- Requirement -
A verbatim repeat of the records beneath this line is needed.

- Given data -
:::

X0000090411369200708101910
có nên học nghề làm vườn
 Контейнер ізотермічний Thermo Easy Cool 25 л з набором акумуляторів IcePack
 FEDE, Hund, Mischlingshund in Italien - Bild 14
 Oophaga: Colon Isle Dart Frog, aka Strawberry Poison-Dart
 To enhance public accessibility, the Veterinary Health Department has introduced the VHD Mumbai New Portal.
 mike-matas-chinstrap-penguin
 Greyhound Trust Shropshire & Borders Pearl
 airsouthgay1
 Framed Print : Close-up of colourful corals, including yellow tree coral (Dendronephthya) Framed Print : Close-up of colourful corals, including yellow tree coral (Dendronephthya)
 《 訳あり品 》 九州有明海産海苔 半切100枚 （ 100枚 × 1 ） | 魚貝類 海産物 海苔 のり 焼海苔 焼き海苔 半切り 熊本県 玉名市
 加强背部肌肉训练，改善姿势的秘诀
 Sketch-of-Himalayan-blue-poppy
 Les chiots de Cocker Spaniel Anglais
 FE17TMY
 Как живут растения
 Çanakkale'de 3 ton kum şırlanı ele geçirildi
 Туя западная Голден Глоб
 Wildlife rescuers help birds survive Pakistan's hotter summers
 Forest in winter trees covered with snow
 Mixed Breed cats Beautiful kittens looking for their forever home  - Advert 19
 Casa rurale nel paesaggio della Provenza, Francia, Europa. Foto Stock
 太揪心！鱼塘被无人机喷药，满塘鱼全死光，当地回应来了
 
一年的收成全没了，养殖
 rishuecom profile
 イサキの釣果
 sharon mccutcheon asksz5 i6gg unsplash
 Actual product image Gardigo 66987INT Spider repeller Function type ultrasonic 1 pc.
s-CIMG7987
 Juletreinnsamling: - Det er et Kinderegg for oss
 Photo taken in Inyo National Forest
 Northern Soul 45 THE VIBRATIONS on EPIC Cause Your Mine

:::

- Output of the task -
X0000090411369200708101910
có nên học nghề làm vườn
 Контейнер ізотермічний Thermo Easy Cool 25 л з набором акумуляторів IcePack
 FEDE, Hund, Mischlingshund in Italien - Bild 14
 Oophaga: Colon Isle Dart Frog, aka Strawberry Poison-Dart
 To enhance public accessibility, the Veterinary Health Department has introduced the VHD Mumbai New Portal.
 mike-matas-chinstrap-penguin
 Greyhound Trust Shropshire & Borders Pearl
 airsouthgay1
 Framed Print : Close-up of colourful corals, including yellow tree coral (Dendronephthya) Framed Print : Close-up of colourful corals, including yellow tree coral (Dendronephthya)
 《 訳あり品 》 九州有明海産海苔 半切100枚 （ 100枚 × 1 ） | 魚貝類 海産物 海苔 のり 焼海苔 焼き海苔 半切り 熊本県 玉名市
 加强背部肌肉训练，改善姿势的秘诀
 Sketch-of-Himalayan-blue-poppy
 Les chiots de Cocker Spaniel Anglais
 FE17TMY
 Как живут растения
 Çanakkale'de 3 ton kum şırlanı ele geçirildi
 Туя западная Голден Глоб
 Wildlife rescuers help birds survive Pakistan's hotter summers
 Forest in winter trees covered with snow
 Mixed Breed cats Beautiful kittens looking for their forever home  - Advert 19
 Casa rurale nel paesaggio della Provenza, Francia, Europa. Foto Stock
 太揪心！鱼塘被无人机喷药，满塘鱼全死光，当地回应来了
 
一年的收成全没了，养殖
 rishuecom profile
 イサキの釣果
 sharon mccutcheon asksz5 i6gg unsplash
 Actual product image Gardigo 66987INT Spider repeller Function type ultrasonic 1 pc.
s-CIMG7987
 Juletreinnsamling: - Det er et Kinderegg for oss
 Photo taken in Inyo National Forest
 Northern Soul 45 THE VIBRATIONS on EPIC Cause Your Mine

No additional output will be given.